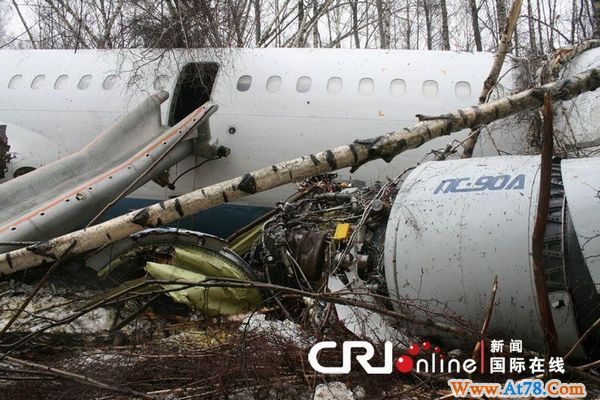 俄罗斯客机迫降时坠毁断成数截 8名机组成员受伤(高清组图)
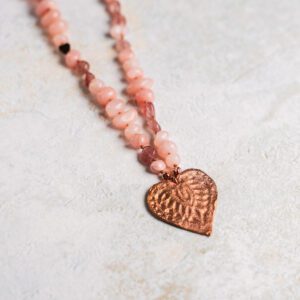 koperen hart rozenkwarts chalcedoon handgeknoopt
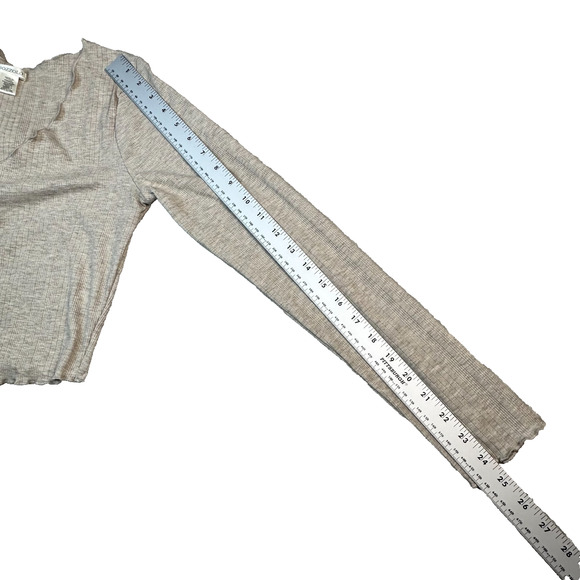 Bozzolo Oatmeal Long Sleeve Button Up Crop Lettuce Hem Blouse Size M Academia - Picture 6 of 11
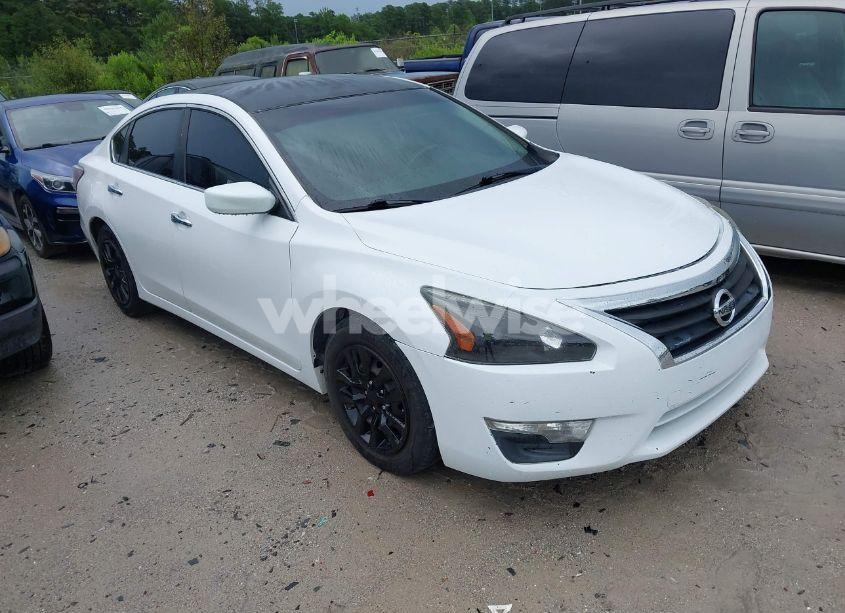 2015 Nissan Altima 2.5/2.5 S/2.5 SL/2.5 SV (VIN 1N4AL3AP4FC295559) main photo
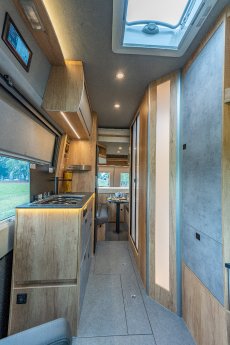 260824_AVANTI-R_innen_Totale_1120.jpg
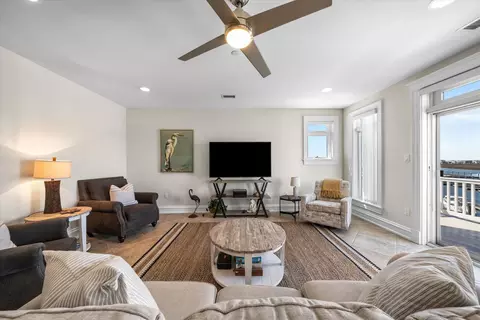 Living - 910 Ocean Dr #910, Avalon, NJ 08202 photo 2 of 4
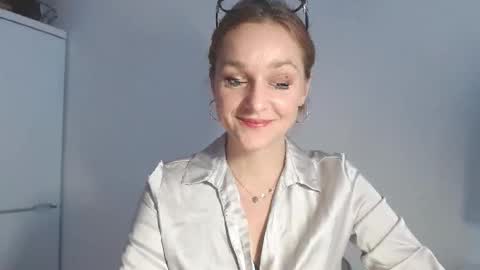 Snapshot of alicialux chatting on 02-17-26, 07:16 Alicia online show from 02-17-26, 07:16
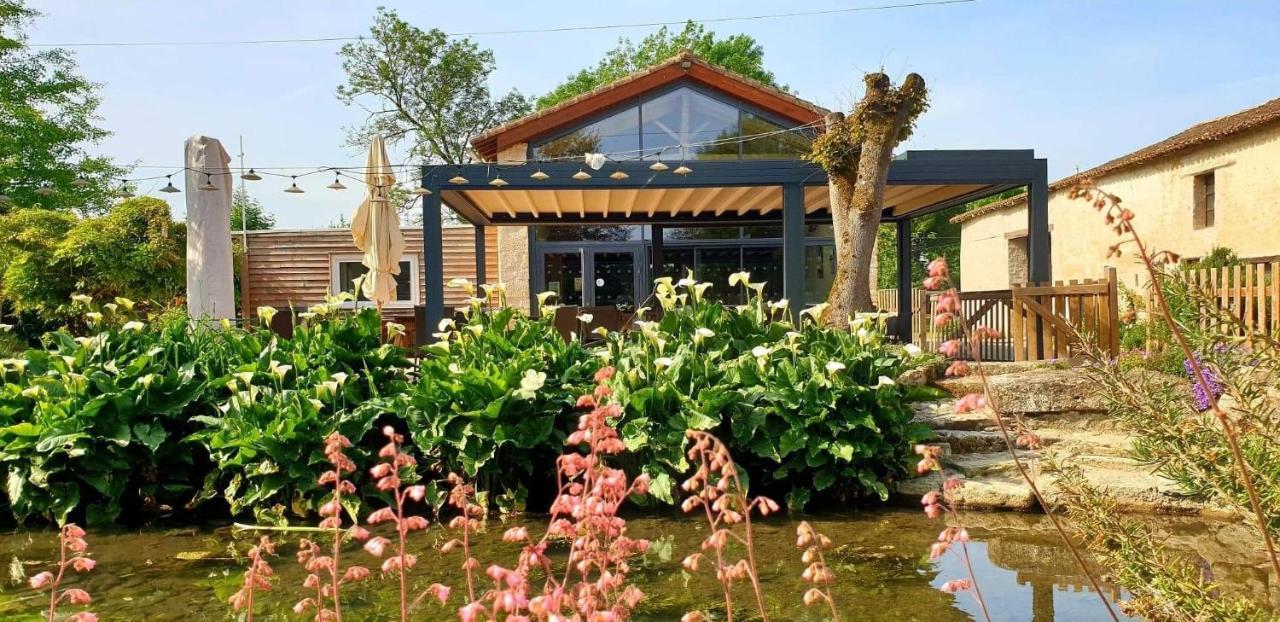 Le Petit Courault Hotel Pamproux Buitenkant foto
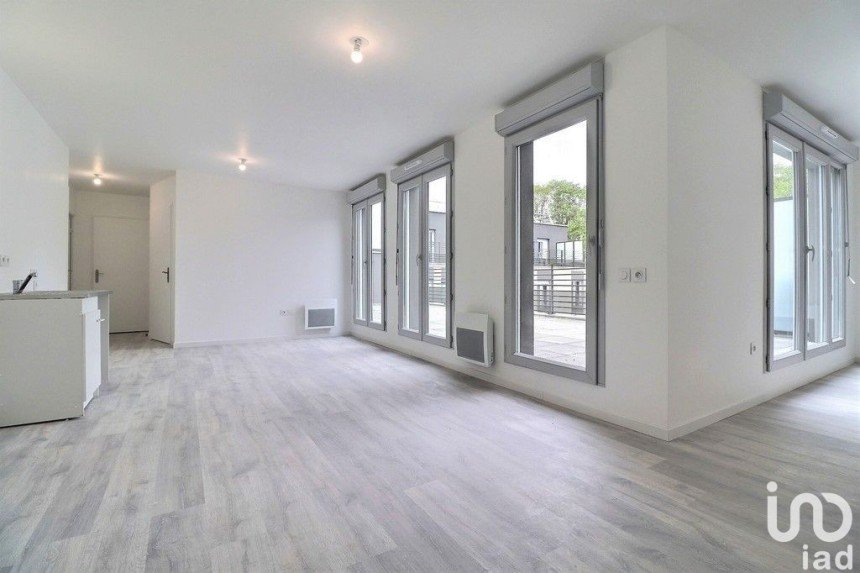Apartment 4 rooms of 80 m² in Champs-sur-Marne (77420)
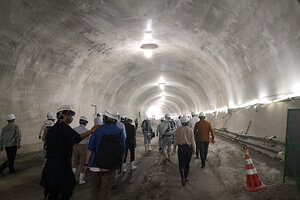 写真2　赤嶺トンネル工事現場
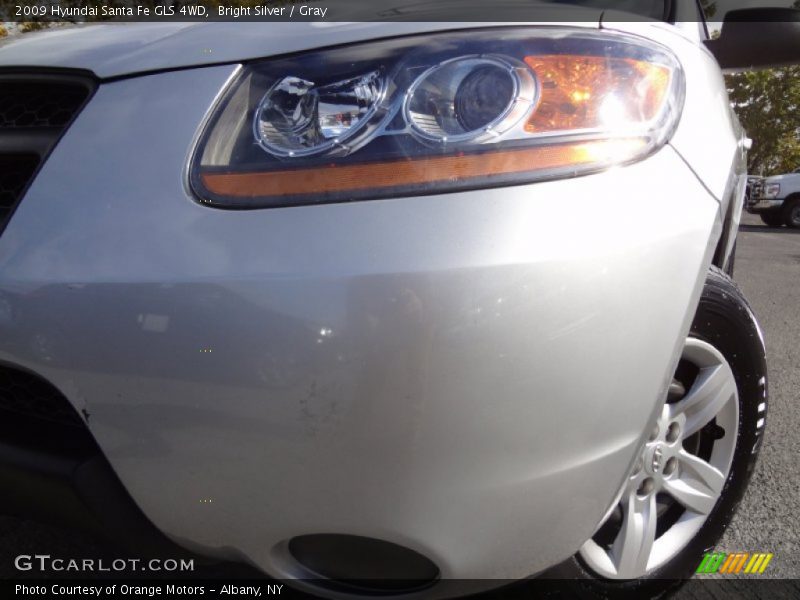 Bright Silver / Gray 2009 Hyundai Santa Fe GLS 4WD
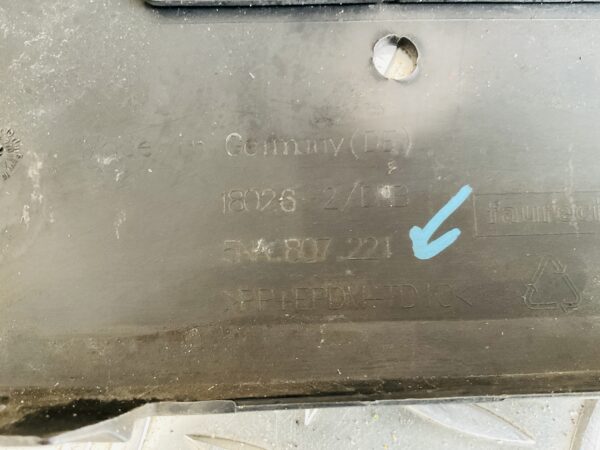 BUMPER Volkswagen Tiguan 5NA 2016-2020 5NA807221 VOORBUMPER 1-B8-12568z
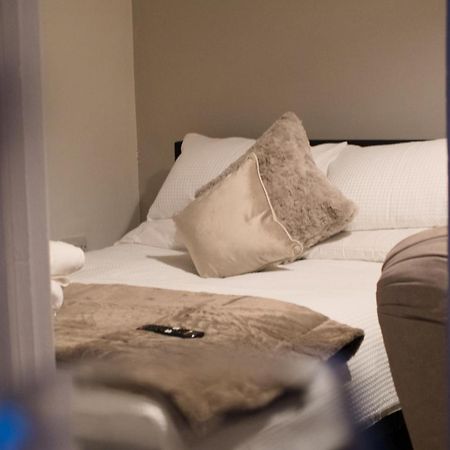 1 Bedroom Apartment - The Opal Cheltenham Exteriér fotografie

**To do**
The lines to retype begin with the one containing "Snapshot of alicialux" and end with the last line of the records. Reproduce them exactly and omit the pictures.

**Your solution**
 Snapshot of alicialux chatting on 02-17-26, 07:16 Alicia online show from 02-17-26, 07:16
 Le Petit Courault Hotel Pamproux Buitenkant foto
Apartment 4 rooms of 80 m² in Champs-sur-Marne (77420)
 写真2　赤嶺トンネル工事現場
 Bright Silver / Gray 2009 Hyundai Santa Fe GLS 4WD
 BUMPER Volkswagen Tiguan 5NA 2016-2020 5NA807221 VOORBUMPER 1-B8-12568z
 1 Bedroom Apartment - The Opal Cheltenham Exteriér fotografie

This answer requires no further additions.